Published in the journal:
. PLoS Med 13(4): e32767. doi:10.1371/journal.pmed.1002002
Category: Health in Action
Katie Hampson and colleagues describe their experience of developing and deploying a large-scale rabies surveillance system based on mobile phones in southern Tanzania.
Surveillance is critical to manage preventative health services and control infectious diseases. Integrated surveillance involving public health, veterinary, and environmental sectors is urgently needed to effectively manage zoonoses and vector-borne diseases. However, most surveillance in low-income countries is paper-based, provides negligible timely feedback, is poorly incentivised, and results in delays, limited reporting, inaccurate data, and costly processing.

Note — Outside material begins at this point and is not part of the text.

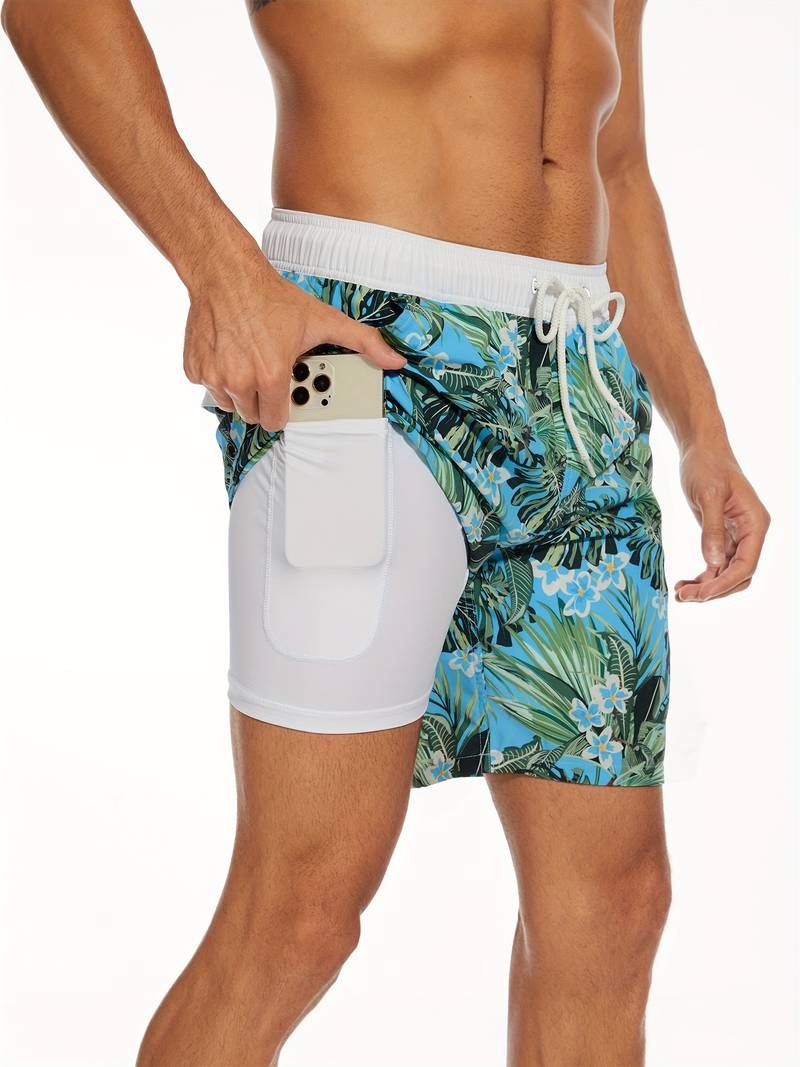 Men's flamingo print swim shorts styled for a beach holiday look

The potential of mobile technologies for improving health system surveillance has been demonstrated through small-scale pilots, but large-scale evaluations under programmatic implementation remain rare.
An intersectoral mobile-phone–based system was developed and implemented for rabies surveillance across southern Tanzania. Since 2011, the system has facilitated near real-time reporting of animal bites and human and animal vaccine use (almost 30,000 reports) by over 300 frontline health and veterinary workers across a catchment area of 150,000 km2 with >10 million inhabitants, improving data quality, timeliness, and completeness while reducing costs.
The surveillance system infrastructure is a platform that can be further developed to improve services and deliver health interventions; for example, generating automated personalized text messages (SMS) to alert patients to their vaccination schedules improved their compliance with regimens. Other interventions targeting patients and health workers can now be implemented easily.
The system has become an integrated, popular, and valuable tool across sectors, used routinely throughout southern Tanzania to evaluate the impacts of rabies control and prevention activities and to improve their management, directly informed by the experiences of frontline users.
We discuss challenges encountered during development and deployment, how we overcame these, and our recommendations for scaling up mobile-phone–based health (mHealth) interventions in low-income countries.
There is huge potential for mobile technologies to improve health care and public health service delivery, especially in resource-poor settings [1–3]. Mobile technologies are ideally suited to surveillance, a fundamental component of health systems critical for measuring the progress of disease control and prevention measures, for appropriate targeting of resources, and for elimination of infectious diseases . Successful surveillance depends on timely and comprehensive gathering of information to assess disease status, determine appropriate control strategies, and monitor their impact. In low- and middle-income countries (LMICs) where infrastructure and communication channels are limited, surveillance poses substantial challenges .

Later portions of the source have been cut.